In 2012, the Canine Members of the Armed Forces Act was introduced to Congress to change the status of dogs in the U.S. military from that of equipment to that of military veterans. To streamline the process, the proposal was then tagged on as an amendment to the National Defense Authorization Act for 2013, which just passed the U.S. Congress and only awaits the signature of President Obama. The legislation will ensure that military dogs will be transported back to the U.S., receive veterinary care, and retire with an adoptive family or, if not suitable as pets, at a military facility.

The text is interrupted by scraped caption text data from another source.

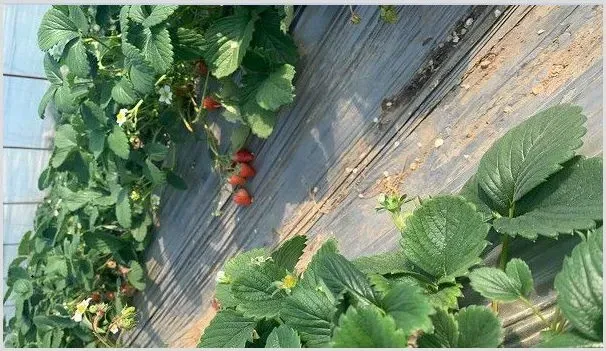 草莓无土栽培技术 | 农业科普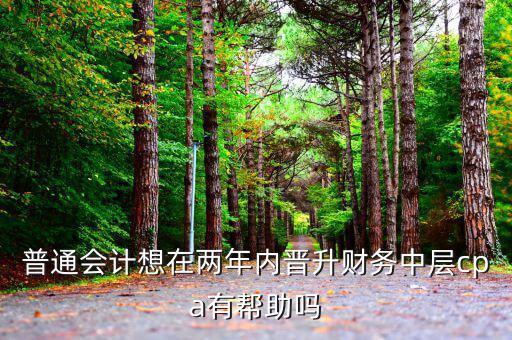 國(guó)稅有什么升職路線，普通會(huì)計(jì)想在兩年內(nèi)晉升財(cái)務(wù)中層cpa有幫助嗎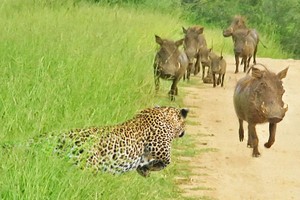 Lợn rừng đua tốc độ cùng báo hoa mai?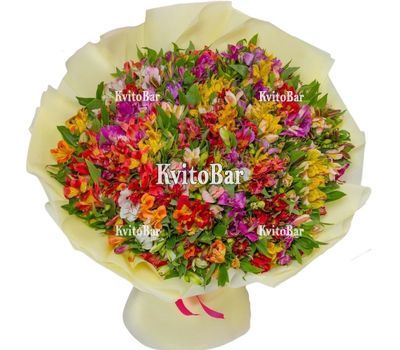 151 альстромерія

Even more: A new national monument honoring America’s canine heroes will be unveiled in 2013 at Lackland Air Force Base in Texas. But before then, a floral replica of the monument will appear in the Tournament of Roses parade on New Year’s Day 2013 with Lucca aboard – a German Shepherd who lost a leg to a roadside bomb in Afghanistan – accompanied by other military dogs and their handlers.